From the line below that contains "Flashes of light as seen from space" to the line that contains "5597-SI W656E2 dark", repeat every line exactly, both ends included, and nothing else.
*** Opening of Supplied records ***
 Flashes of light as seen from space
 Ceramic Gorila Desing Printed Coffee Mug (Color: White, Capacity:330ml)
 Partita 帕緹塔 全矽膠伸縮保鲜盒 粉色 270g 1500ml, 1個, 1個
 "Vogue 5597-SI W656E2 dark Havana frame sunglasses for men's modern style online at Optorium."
*** Close of Supplied records ***
*** Opening of Supplied records ***
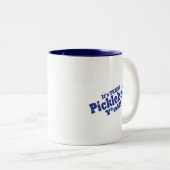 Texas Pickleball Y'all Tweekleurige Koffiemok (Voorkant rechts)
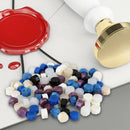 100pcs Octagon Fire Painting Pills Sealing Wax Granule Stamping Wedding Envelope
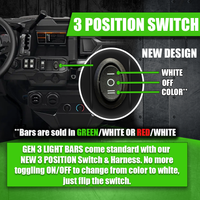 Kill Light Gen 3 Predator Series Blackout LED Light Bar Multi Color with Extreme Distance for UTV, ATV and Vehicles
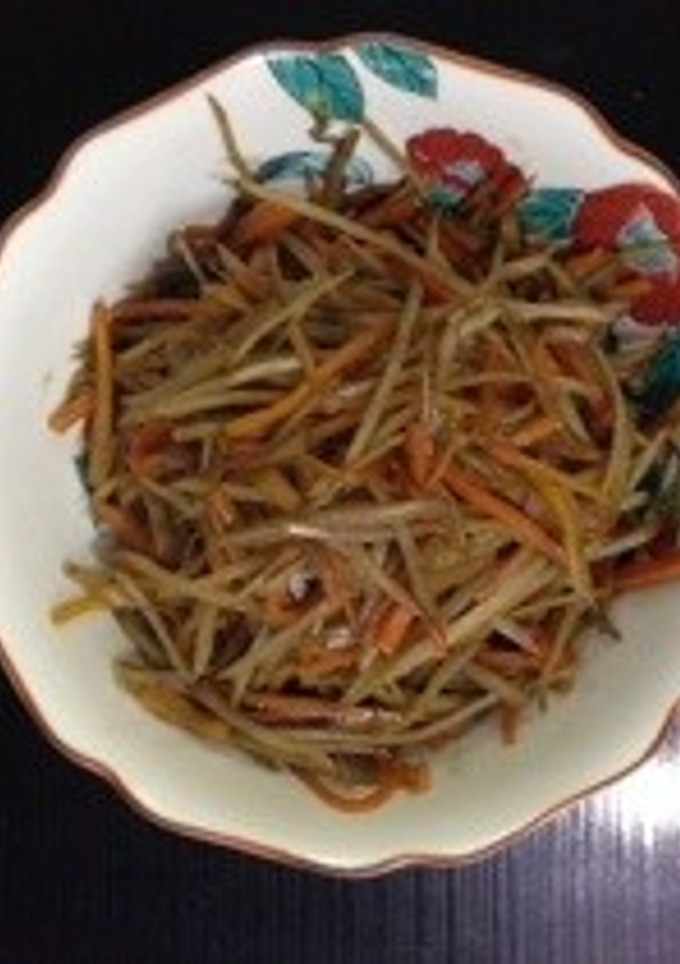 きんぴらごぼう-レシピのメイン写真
*** Close of Supplied records ***
Answer:
 Flashes of light as seen from space
 Ceramic Gorila Desing Printed Coffee Mug (Color: White, Capacity:330ml)
 Partita 帕緹塔 全矽膠伸縮保鲜盒 粉色 270g 1500ml, 1個, 1個
 "Vogue 5597-SI W656E2 dark Havana frame sunglasses for men's modern style online at Optorium."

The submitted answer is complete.